Gérard Haddad.
Christianisme et judaïsme n'ont pas la même lecture de ce passage de la
Genèse. La notion même de péché originel qu'il s'agirait de réparer
n'existe pas dans les textes juifs.
Le christianisme,
déjà, semble donner à ce passage un caractère d'événement réel, même
recouvert d'un habit symbolique. La passion de Jésus sur le Golgotha,
ainsi nommé parce qu'Adam, le premier homme, y aurait été enterré et
dont le crâne ressurgit au moment de la crucifixion, a pour but de
racheter ce péché.
Pour Maïmonide, considérer cette histoire autrement que sur un mode allégorique est inacceptable.
D'autres
passages du Pentateuque occupent dans la conscience du juif une place
plus essentielle, plus actuelle. D'abord le péché du Veau d'Or commis
par des hommes qui ont assisté à tant de miracles ; ou l'épisode des
espions, dont le rapport sur leur mission en Canaan va décourager les
Hébreux et provoquer leur révolte contre Moïse.
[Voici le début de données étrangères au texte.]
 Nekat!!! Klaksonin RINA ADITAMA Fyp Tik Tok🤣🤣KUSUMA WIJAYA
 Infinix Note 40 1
A cause de quoi, toute
cette génération mourra dans le désert. C'est un bel exemple de cette
faute par lâcheté que Lacan définira comme « reculer devant son désir ».
Cet évènement est commémoré chaque année dans le deuil national du 9
av. J'ajouterai le crime primordial de Caïn tuant son frère.
Comment,
dès lors, interpréter le passage inaugural de la faute d'Adam et Eve
dont le serpent est l'agent ? Ces interprétations peuvent être
multiples. La plus simple est peut-être la suivante. Dans la mesure où
le mosaïsme prend le contre-pied radical de toute la civilisation
païenne qui l'entoure, et compte tenu du culte du serpent, à la fois
celui qui connaît les mystères, en même temps que symbole de guérison et
de fertilité pratiqué par les peuples du Moyen Orient, cet épisode est
une condamnation de ce culte païen qui se maintiendra chez les Hébreux
jusqu'au règne du Roi Ezéchias. Cet épisode est comme un avertissement à
l'endroit de la fascination que peut exercer cette divinité rusée. La
Grèce elle, reprendra le culte du serpent.
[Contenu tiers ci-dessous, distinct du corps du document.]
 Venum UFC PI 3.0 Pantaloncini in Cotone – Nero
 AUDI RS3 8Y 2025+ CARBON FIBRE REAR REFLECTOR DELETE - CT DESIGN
Tout ceci nous amène à aborder la question qui a suscité notre rencontre : la place de l'art dans le judaïsme. J'ai été conduit à me poser cette question à la suite d'un travail mené en commun avec mon épouse Antonietta, sur la découverte de la psychanalyse . J'ai été conduit à énoncer cette première thèse : Freud n'aurait pas découvert la psychanalyse si, simultanément, il n'avait pas connu une conversion esthétique, c'est-à-dire la découverte de la dimension de l'art, celle des arts plastiques. C'est son ami Fliess qui initia Freud à cette dimension esthétique.